[Start of Attachment]
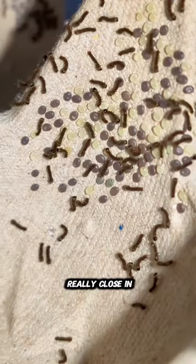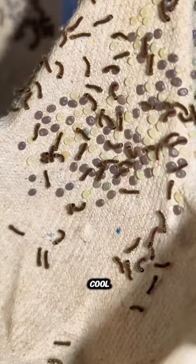If you get really close in here, you can see the one coming out of the egg right in the center of the screen. That's actually really cool. It is really cool when they do this.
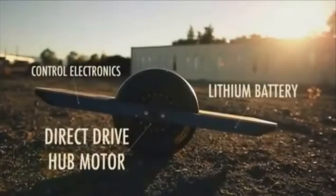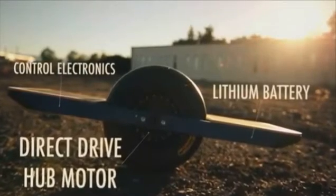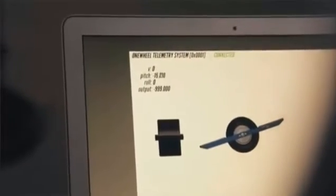At the heart of Onewheel is a state-of-the-art direct drive brushless motor in the hub of the wheel. Movement and balance are achieved by a custom controller that reads gyro and accelerometer sensors thousands of times a second. The high-speed charger gives the lithium batteries minute-to-minute charging.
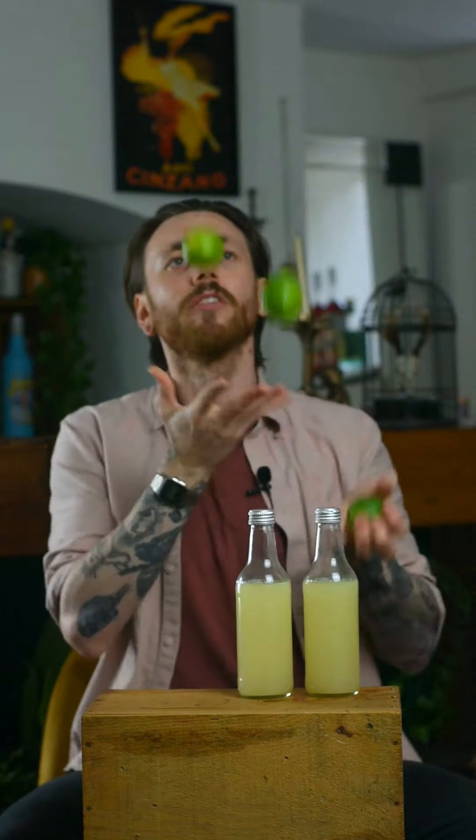Normal lime juice is going to oxidize within just a couple of hours. Our super juice is going to last at least two weeks, maybe even a month in the fridge. Furthermore, we're not just going to be using the juice of the limes, but we're also going to be using the peels, which means completely waste-free. Bonus!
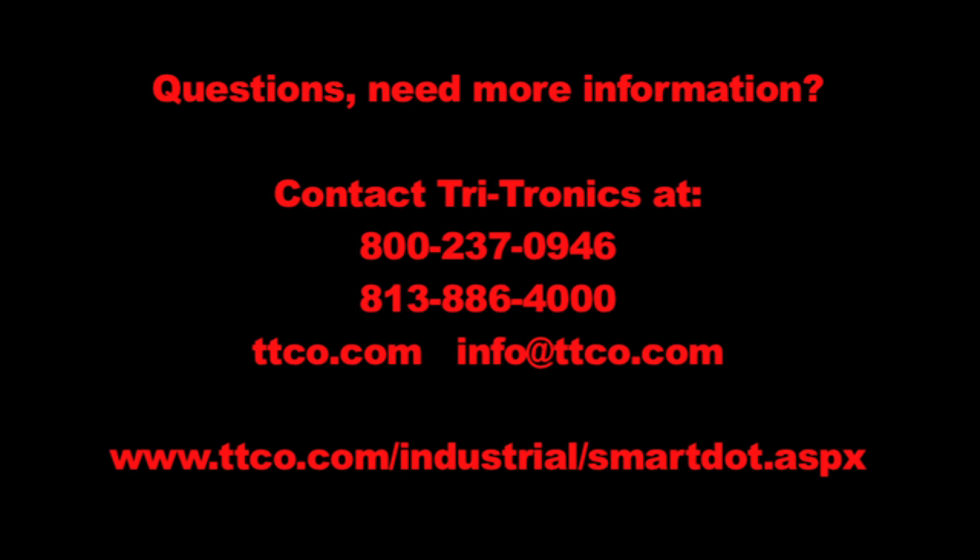Thanks for watching. For help with an application or for more information on this product, please call Tritronics or visit our website at the link below.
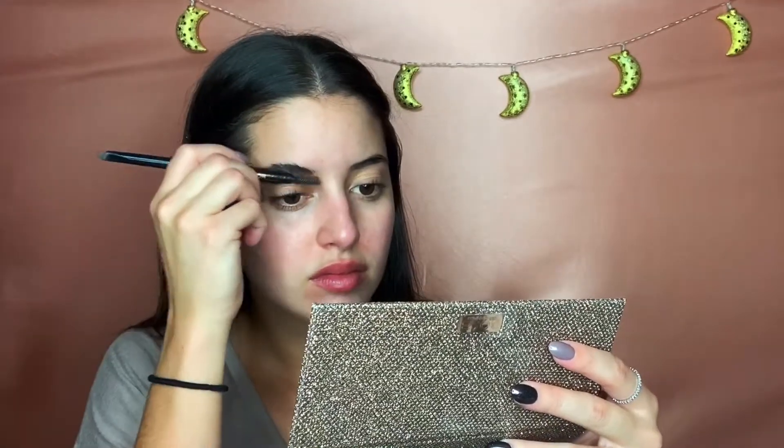Here I'm using the Hourglass Veil Mineral Primer. I do like it because it's very smoothing, but I definitely want to try something new as well.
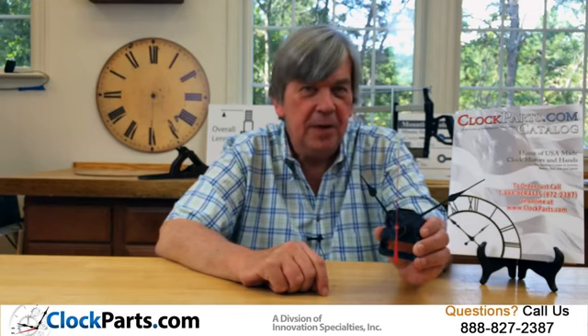For more information, see our catalog or our website at www.clockparts.com, or give us a call at 888-827-2387.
[End of Attachment]
▸ **WHAT YOU HAVE TO DO**: Everything from the line containing "Here I'm using" to the last line of the listing above must be reproduced exactly, with no pictures included.

▸ **TASK RESPONSE**:
Here I'm using the Hourglass Veil Mineral Primer. I do like it because it's very smoothing, but I definitely want to try something new as well.
For more information, see our catalog or our website at www.clockparts.com, or give us a call at 888-827-2387.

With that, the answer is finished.